I am doing this post for the umpteenth time..please see all my posts on term insurance, if you want a comprehensive view.
By the time a few of us had shouted ourselves hoarse that ‘Term’ insurance is the only product to buy, the brilliant life insurance companies came up with some smart ideas:
a. Riders to the Term plan
b. Term insurance with Return of Premium
Riders are like a topping – looks harmless, may or may not help in what it is supposed to do, but makes money for the life insurance company. So here you were to buy a term life policy and were paying Rs. 8000 per annum as premium. Suddenly the agent offers you a variety of riders and your premium is now a healthy Rs. 15600. Good the agent, and the manufacturer made some money in selling you some accident insurance or critical illness riders. Good for them, confusing for you. Mostly a waste of money. Take an accident policy as a stand alone and it could have been much cheaper, and easy to understand. For example this rider could say ‘will not cover accidents happening inside the house’. So you committed the cardinal sin of buying what you did not understand. Cannot blame you, the product design and the obfuscation of the BFSI is meant to do exactly that.

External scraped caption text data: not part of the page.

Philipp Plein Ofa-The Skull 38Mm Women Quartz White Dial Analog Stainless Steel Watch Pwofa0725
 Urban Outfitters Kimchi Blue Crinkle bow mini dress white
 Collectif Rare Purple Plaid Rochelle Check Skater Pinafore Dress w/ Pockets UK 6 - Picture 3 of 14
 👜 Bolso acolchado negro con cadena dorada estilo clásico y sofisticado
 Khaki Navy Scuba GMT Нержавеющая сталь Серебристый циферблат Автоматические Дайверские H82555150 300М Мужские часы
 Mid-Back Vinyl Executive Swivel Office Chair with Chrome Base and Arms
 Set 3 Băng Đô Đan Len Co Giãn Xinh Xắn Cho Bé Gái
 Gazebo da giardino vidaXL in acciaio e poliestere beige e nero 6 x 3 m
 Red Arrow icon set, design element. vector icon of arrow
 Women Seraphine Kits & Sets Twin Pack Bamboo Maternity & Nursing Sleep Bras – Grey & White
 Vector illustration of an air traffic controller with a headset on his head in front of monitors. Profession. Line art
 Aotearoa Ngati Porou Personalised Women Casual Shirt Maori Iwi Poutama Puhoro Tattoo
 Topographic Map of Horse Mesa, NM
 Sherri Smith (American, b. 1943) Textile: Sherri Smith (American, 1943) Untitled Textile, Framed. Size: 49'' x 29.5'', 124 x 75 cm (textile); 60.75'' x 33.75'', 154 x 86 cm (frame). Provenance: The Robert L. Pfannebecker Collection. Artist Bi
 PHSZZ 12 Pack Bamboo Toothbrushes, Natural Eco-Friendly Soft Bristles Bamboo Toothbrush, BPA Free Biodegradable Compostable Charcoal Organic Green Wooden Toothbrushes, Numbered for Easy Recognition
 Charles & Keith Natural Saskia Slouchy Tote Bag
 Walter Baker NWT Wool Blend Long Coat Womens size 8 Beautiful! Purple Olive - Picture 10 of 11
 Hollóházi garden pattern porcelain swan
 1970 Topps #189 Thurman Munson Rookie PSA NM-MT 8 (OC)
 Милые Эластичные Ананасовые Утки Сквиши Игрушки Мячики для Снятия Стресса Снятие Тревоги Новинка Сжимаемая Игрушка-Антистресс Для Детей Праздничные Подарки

Term insurance with Return of Premium: this is one of the biggest obfuscation ideas of the insurance industry. When I ask people to take term policies, I ask them to take a term plan with premia to be paid on a quarterly basis. Lets assume you have a term insurance with H life Insurance company, and you are paying Rs. 3900 a quarter. You just paid the premium on 17th December, 2016 and that was till March 2017. Now on 22nd Dec you see another life insurance company offering you exactly the same product at a premium of 3240 per quarter. Well you can go ahead and buy the new policy IMMEDIATELY – and by the time the new policy comes in your next premium may be due! At least you did not say “omg i just paid the annual premium I will have to wait till next year”. Every year you get 4 chances to decide whether to continue the policy. When you pay annually, you get only one chance.
Now look at a Term Insurance with Return of Premium as a cheaper version of the ULIP. If you had a choice of a term insurance or a term insurance with return of premium, the pricing difference would be X and 4X at the least. So instead of paying Rs. 2100 a quarter you will pay about Rs. 8100 a quarter. After 4 years you find a new plan from a rival company at a lower rate. Can you throw away your plan? Of course, but you are likely to lose a big chunk of the money that you paid – possibly all the money that you paid.
This means the whole purpose of taking a term plan – of being able to throw it away when you do not need it or replace it with a cheaper alternative is lost.
Why would you buy a Term Plan with R.O.P? Simple because the Income tax department will not chase it as a perquisite and it is an easy and nice way to compensate a high end executive. How? that’s a different post is it not?